The culture of defeat is a lagging indicator but doesn't realize, or won't admit, that it is. It still thinks that it's preaching truth. So, for example, the fact that in the race under consideration, Rupp beat five Kenyans (if memory serves), four of whom ran PBs and one of who ran a SB, would, as we know, be explained away within the paradigm of the culture of defeat as him having beating "a bunch of second-tier Kenyans." But of course five years ago it would have been said, if he'd lost to those same runners, "white guys just can't compete with the Kenyans."

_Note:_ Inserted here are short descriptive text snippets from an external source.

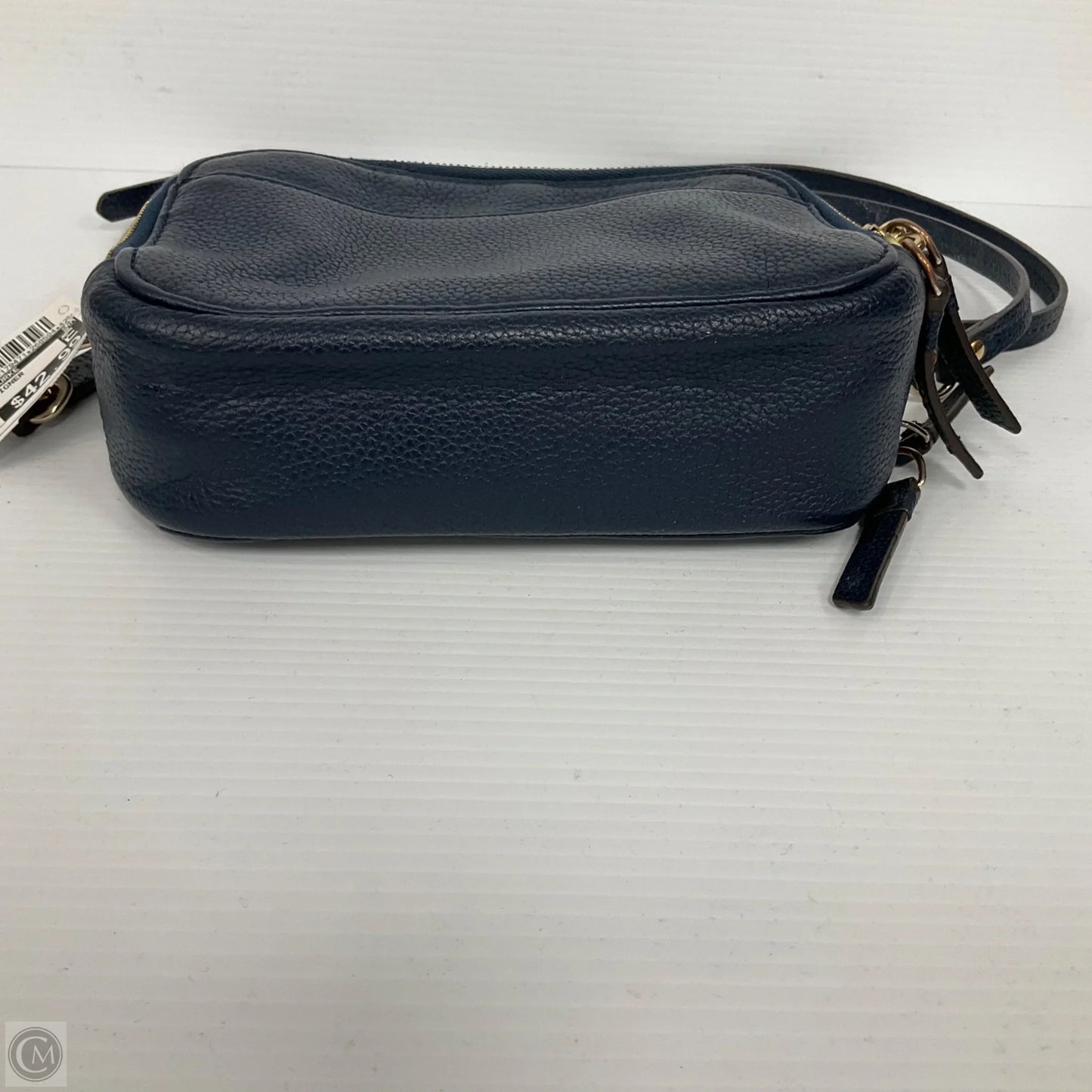 Crossbody Designer By Dooney And Bourke, Size: Small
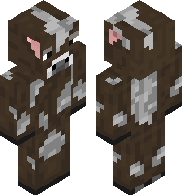 preview for an actually smart cow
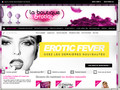 Détails : La boutique érotique, à vous de jouer !!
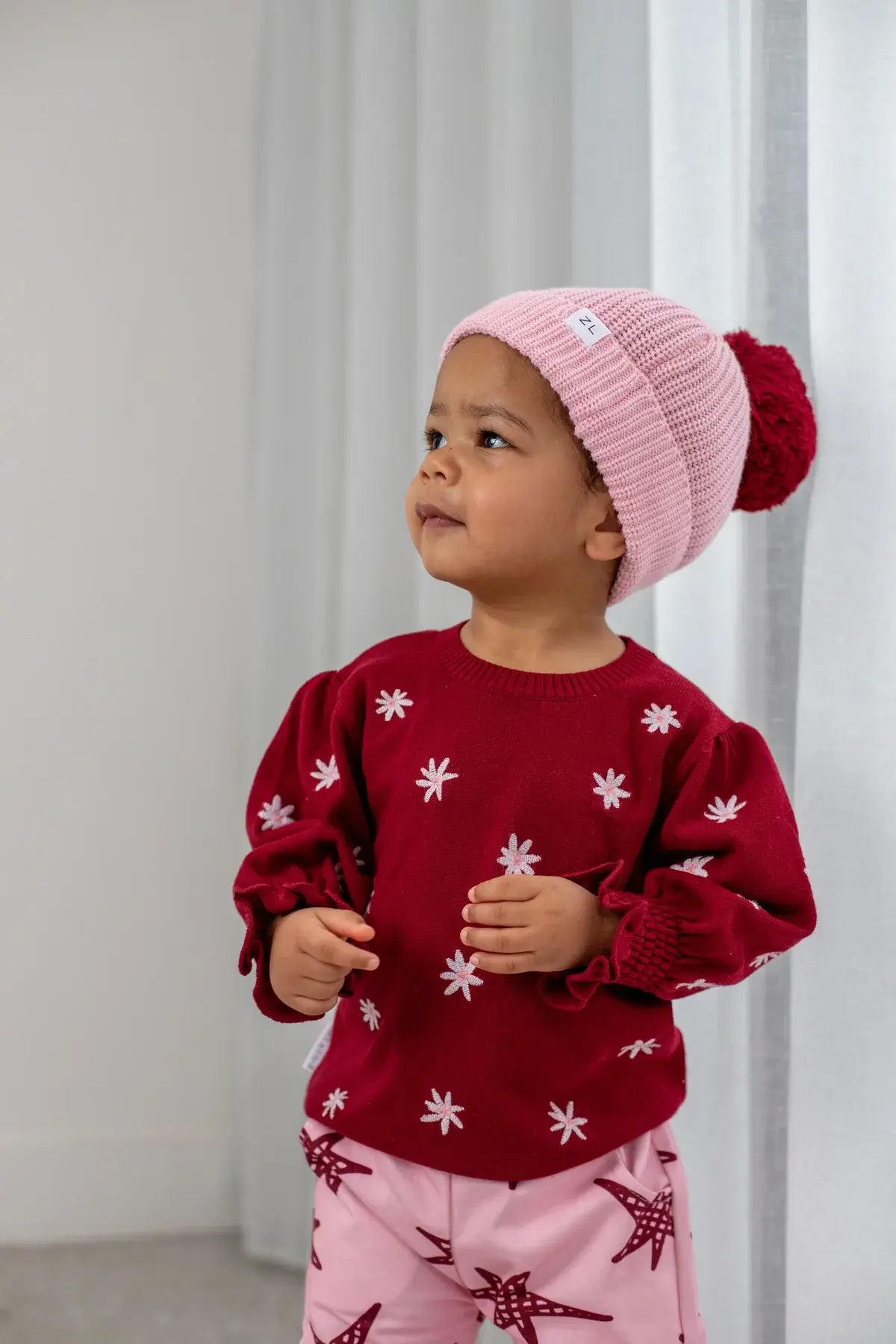 Ziggy Lou Ziggy Lou Blouse Lola 3Y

One sure sign of the culture of defeat at work is this sliding-scale effect. It shows up here as the OPs series of diminishing qualifiers for Rupp's AR. Please remember that the talk of this forum only a few years ago was that Rupp was a weird, coddled g-y boy, a denizen of silly things like altitude tents, who had done well enough in HS but wouldn't possibly be able to compete on the world stage. Anybody who claimed at that point that he'd run a reasonably close third to an in-shape Bekele, destroy the AR, and vanquish so many decent Kenyan runners would have been laughed off the forum--or, more likely, called an idiot fan-boy.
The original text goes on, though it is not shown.